Material to process:
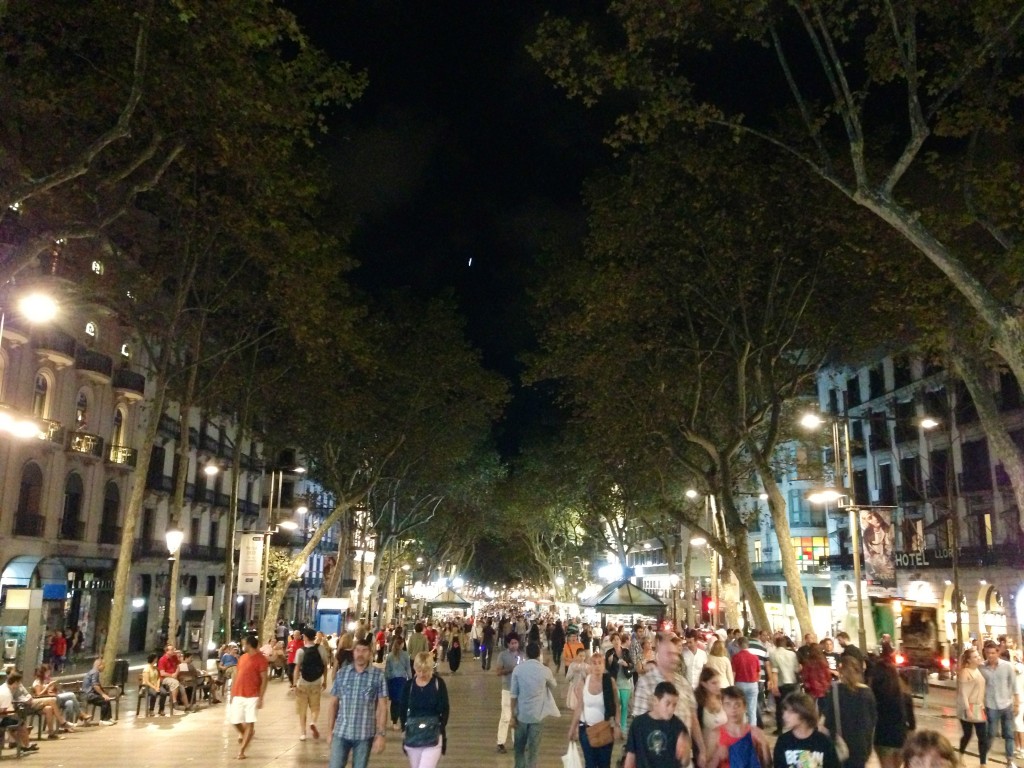 Barcelona, Las Ramblas, La Rambla, Spain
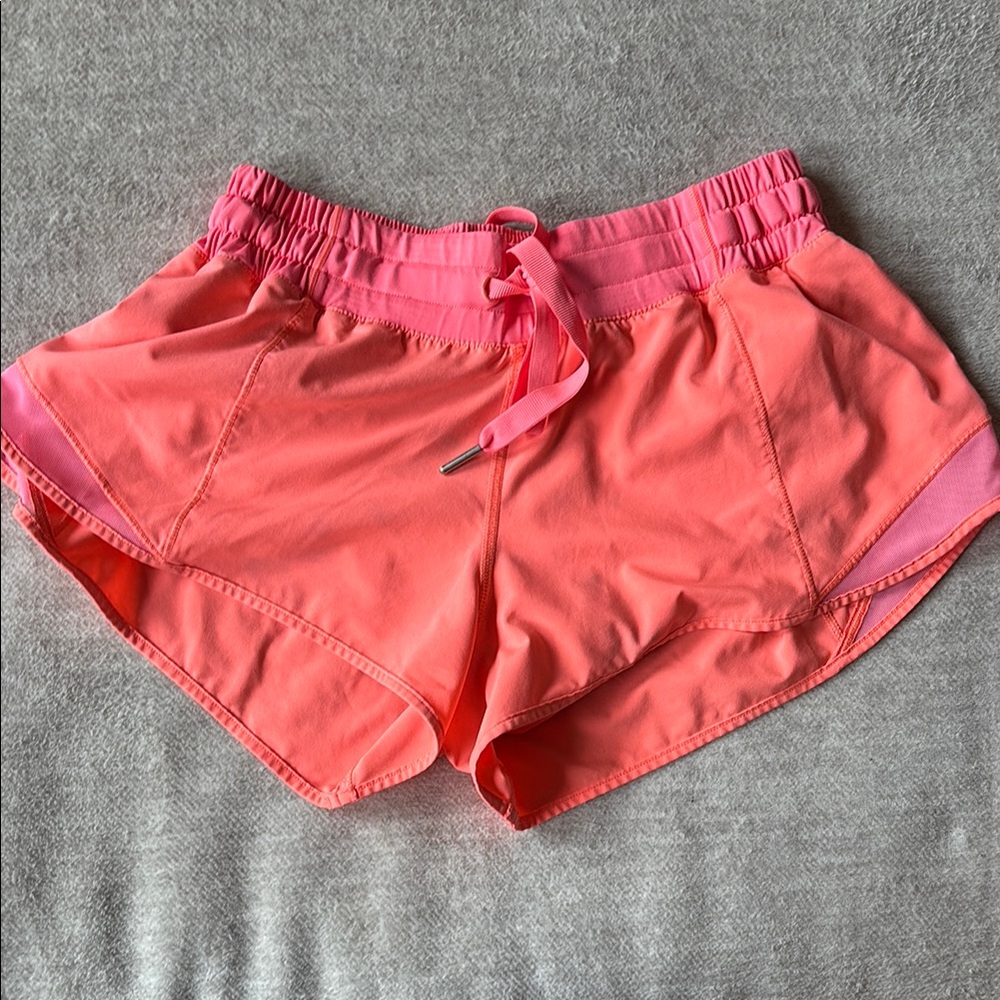 Women's Coral Athletic Shorts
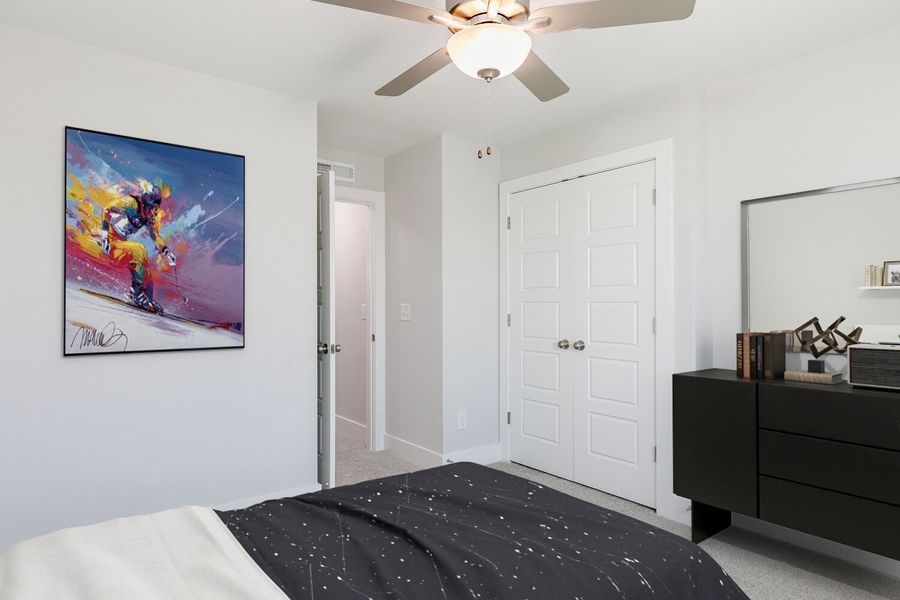 Representative furnished interior of a home built from the Aurora II by Mattamy Homes in Ashmore Townes, Raleigh (Image 17).
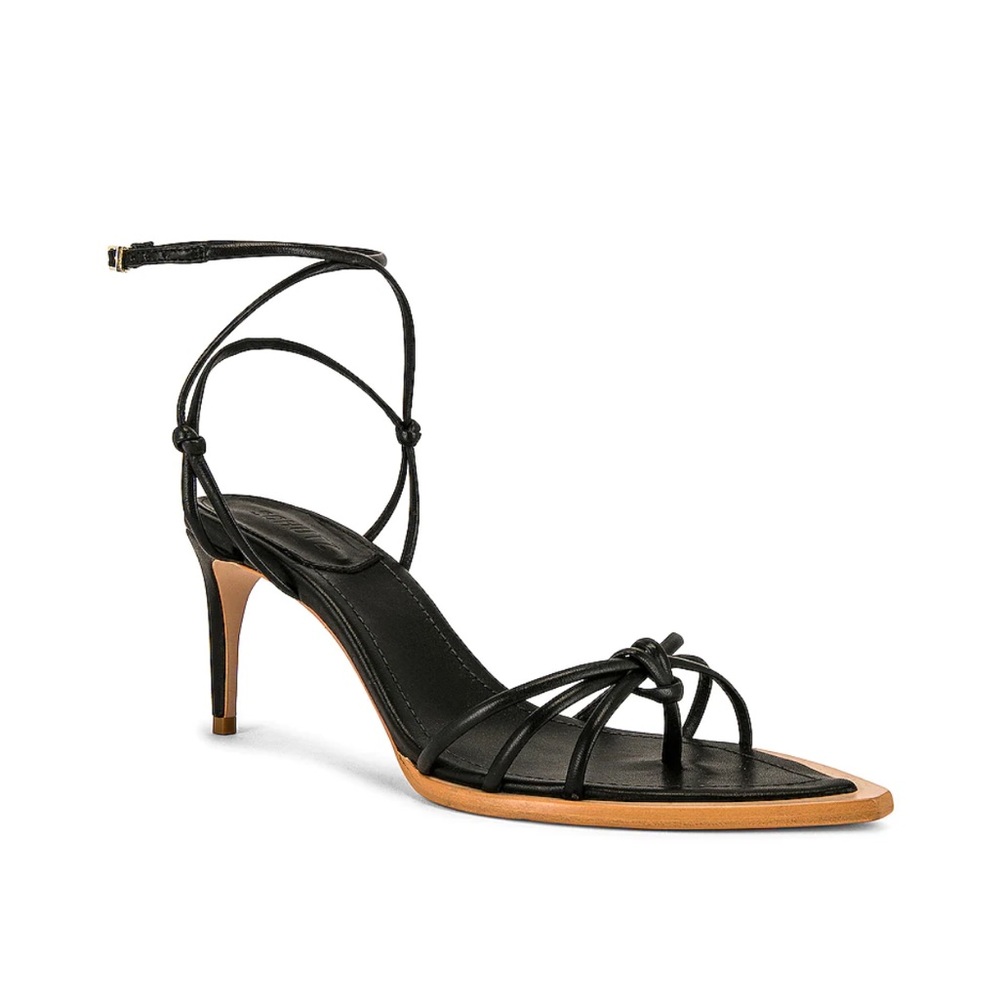 Abby Mid Heel - Schutz - Never Worn Black Strappy Heels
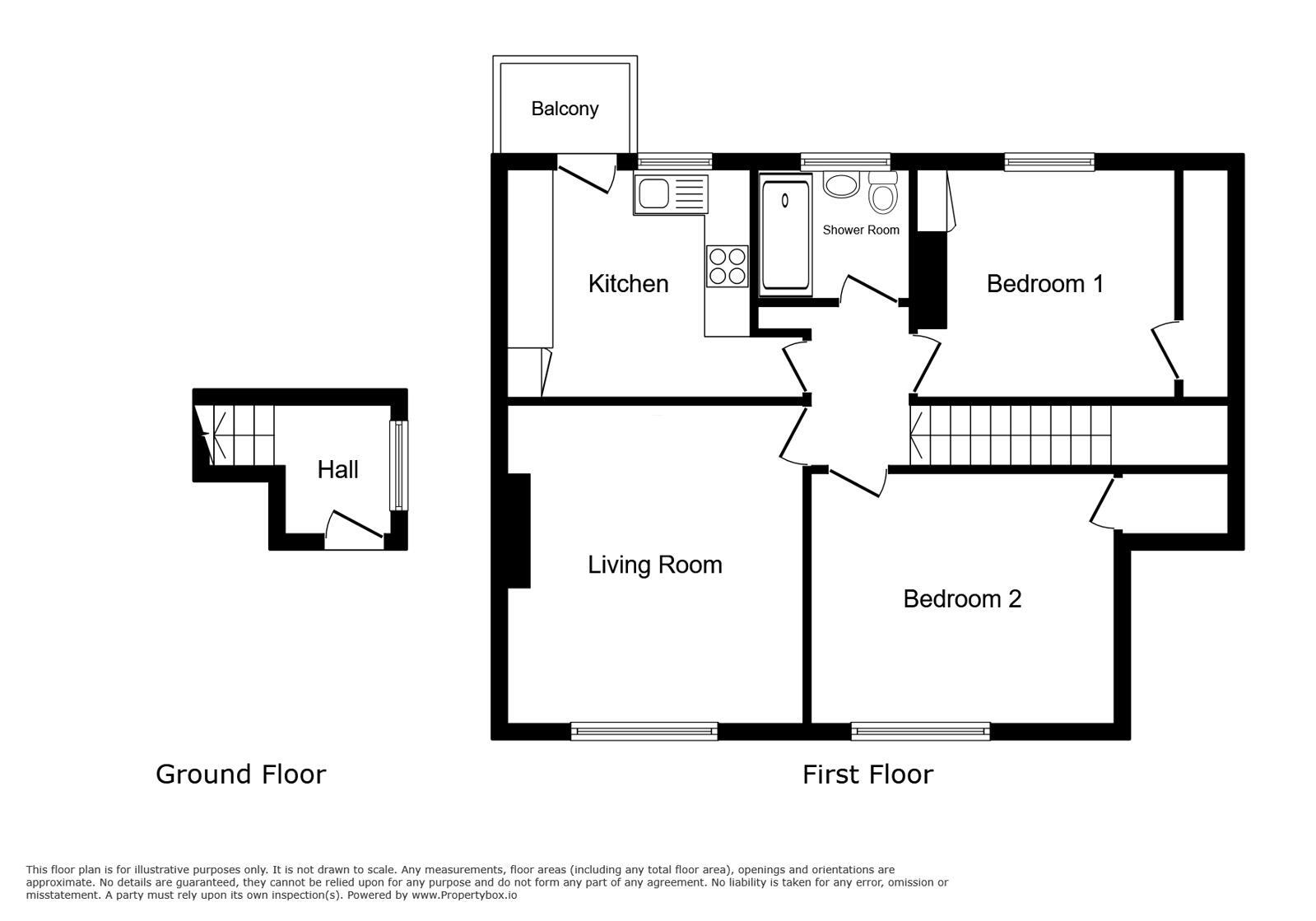 Floorplan of 2 bedroom Flat for sale, The Close, Rye, East Sussex, TN31
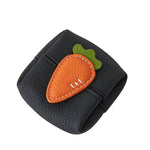 Load image into Gallery viewer, Top Grain Leather Carrot Coin Purse Mini Organizer N6G092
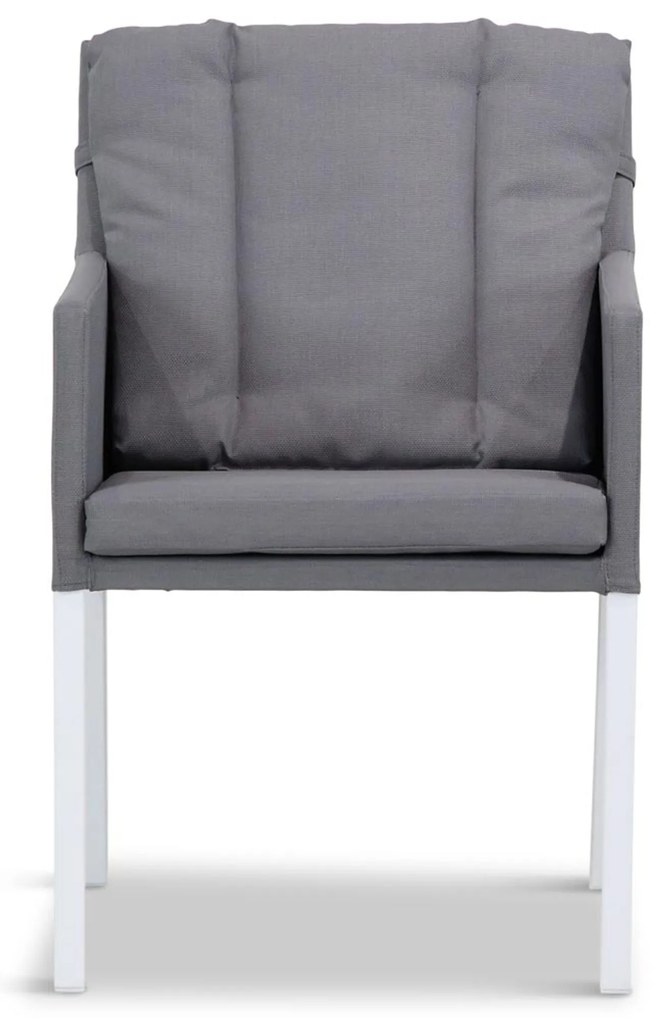 Tuinset 6 personen 240 cm Outdoor textiel Wit Lifestyle Garden Furniture Parma/Talai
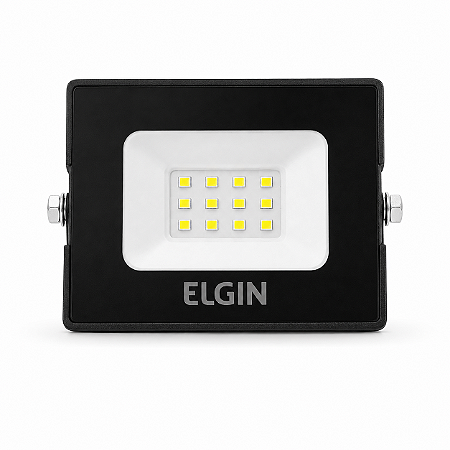 Refletor LED 10w 6500k IP65 A Prova De Água Bivolt Elgin 1429E
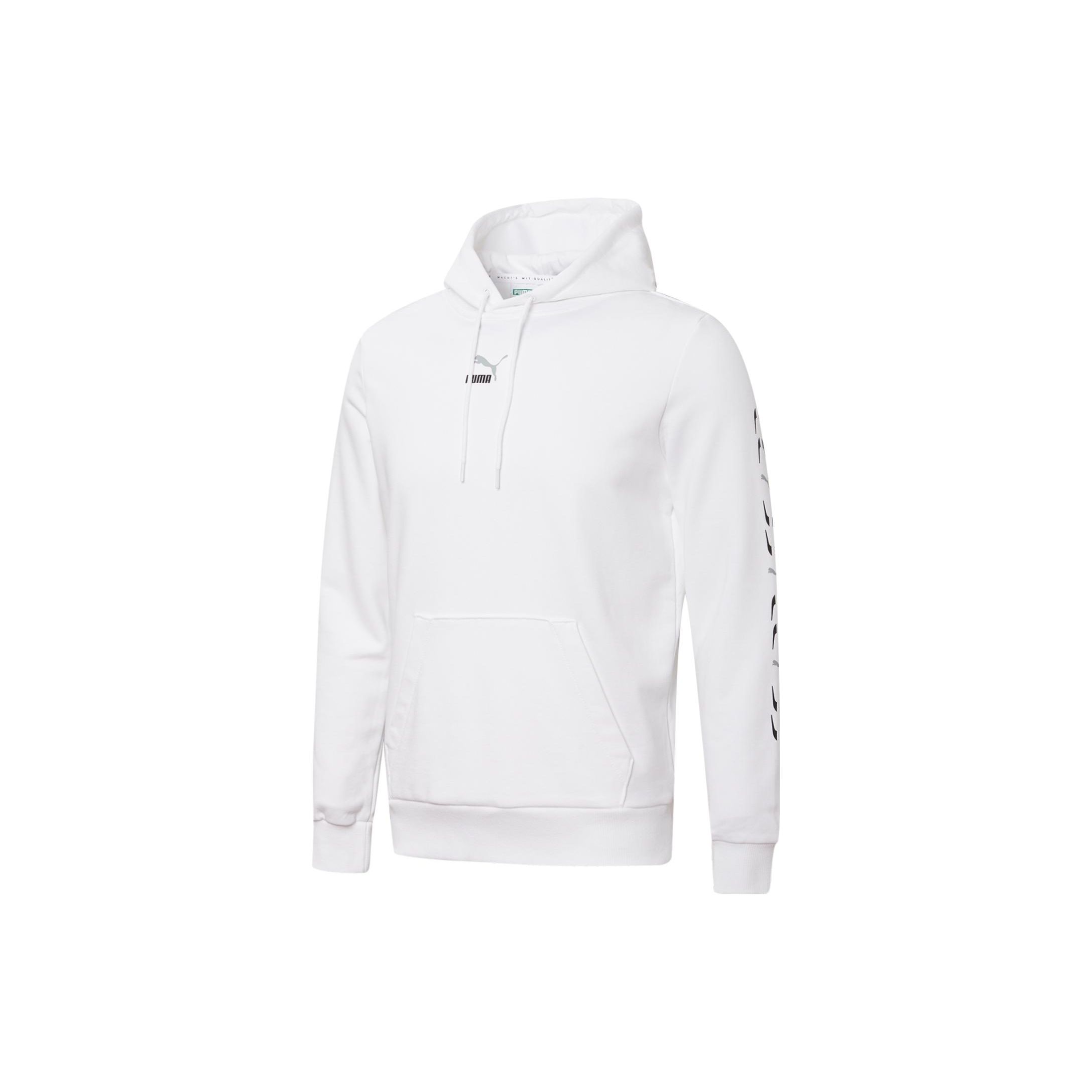 

Puma Solid Color Letter Logo Printed Casual Hoodie Men hoodies White 536657-02 L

What the exercise asks: Retype the entries above exactly. Stop after the line containing "Floorplan of 2", and omit the pictures.

Answer for the task:
 Barcelona, Las Ramblas, La Rambla, Spain
 Women's Coral Athletic Shorts
 Representative furnished interior of a home built from the Aurora II by Mattamy Homes in Ashmore Townes, Raleigh (Image 17).
 Abby Mid Heel - Schutz - Never Worn Black Strappy Heels
 Floorplan of 2 bedroom Flat for sale, The Close, Rye, East Sussex, TN31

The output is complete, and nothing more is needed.